Activity> Copy the listing below exactly. Pictures stay out of it.

Dataset content>
______
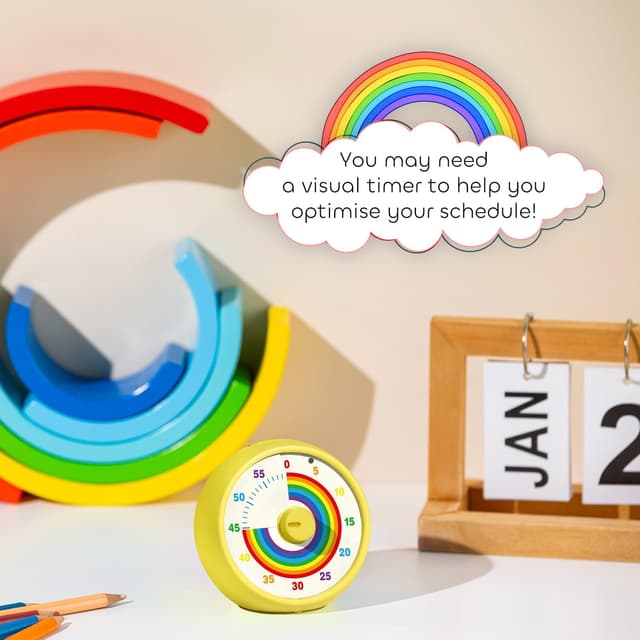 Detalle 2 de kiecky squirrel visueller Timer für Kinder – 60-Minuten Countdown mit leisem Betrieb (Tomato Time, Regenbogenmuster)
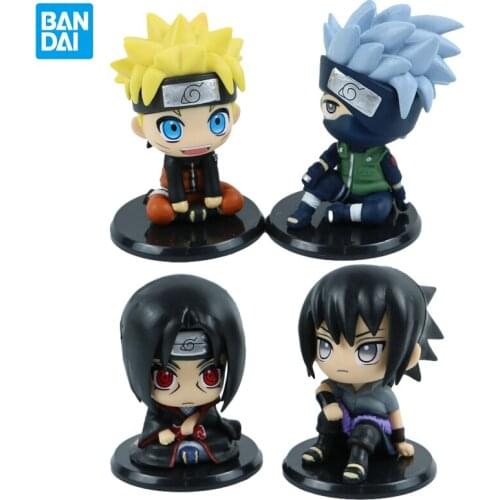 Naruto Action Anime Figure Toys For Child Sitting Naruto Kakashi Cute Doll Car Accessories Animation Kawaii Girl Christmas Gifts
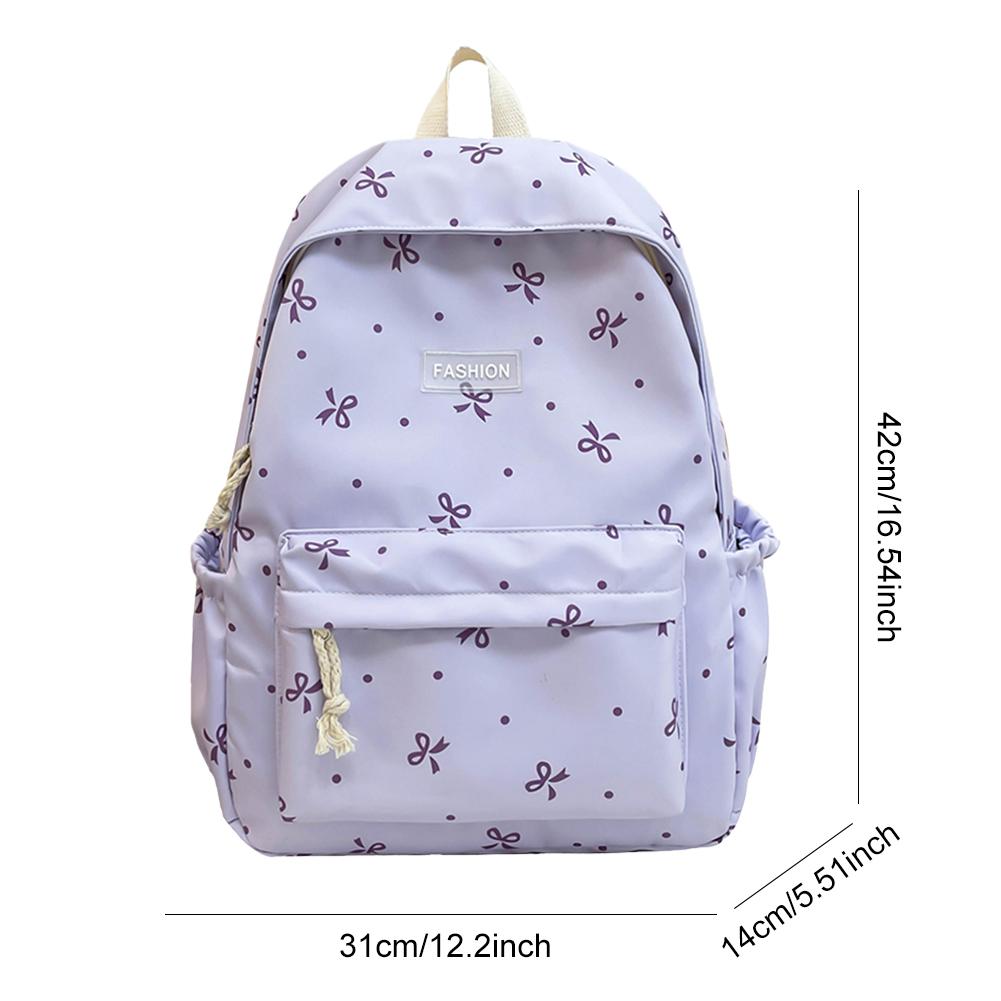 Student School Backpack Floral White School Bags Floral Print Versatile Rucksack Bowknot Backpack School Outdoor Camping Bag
______
Answer box>
 Detalle 2 de kiecky squirrel visueller Timer für Kinder – 60-Minuten Countdown mit leisem Betrieb (Tomato Time, Regenbogenmuster)
 Naruto Action Anime Figure Toys For Child Sitting Naruto Kakashi Cute Doll Car Accessories Animation Kawaii Girl Christmas Gifts
 Student School Backpack Floral White School Bags Floral Print Versatile Rucksack Bowknot Backpack School Outdoor Camping Bag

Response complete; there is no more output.